Folgen von frühem Alkoholismus untersucht

„Meine Kollegen und ich wollten herausfinden, ob Alkoholabhängigkeit bereits in jungen Jahren zur Verminderung der Denkfähigkeit führen kann“, so Neurologe Sieminski. „Weil wir wissen, dass Alkoholismus auch zu Angststörungen und Depressionen führen kann, die ihrerseits mit einer Verminderung kognitiver Kapazitäten einhergehen, haben wir diese beiden Parameter gleich mituntersucht, um sie sozusagen herausrechnen zu können. Wir wollten wissen, ob und in welchem Ausmaß Alkohol die Kognition direkt beeinträchtigt, ohne ‚Umweg’ über andere Schädigungen.“

Miteinbezogen wurden 27 Patientinnen und Patienten mit einem Durchschnittsalter von 47,5 Jahren, die schon sehr lange – im Durchschnitt 20,2 Jahre – alkoholabhängig waren.

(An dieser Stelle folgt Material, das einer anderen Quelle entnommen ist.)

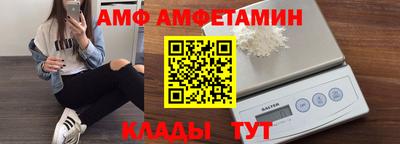тгк Будённовск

Getestet wurde mittels MMSE (Mini Mental State Examination), einem 1975 entwickelten Schnelltestverfahren, das heute weltweit zur Erstbeurteilung von dementiellen Erkrankungen eingesetzt wird, und dem HADS-Test, einem ebenso rasch auszuwertenden Fragebogen zur Erfassung von Angst und Depression.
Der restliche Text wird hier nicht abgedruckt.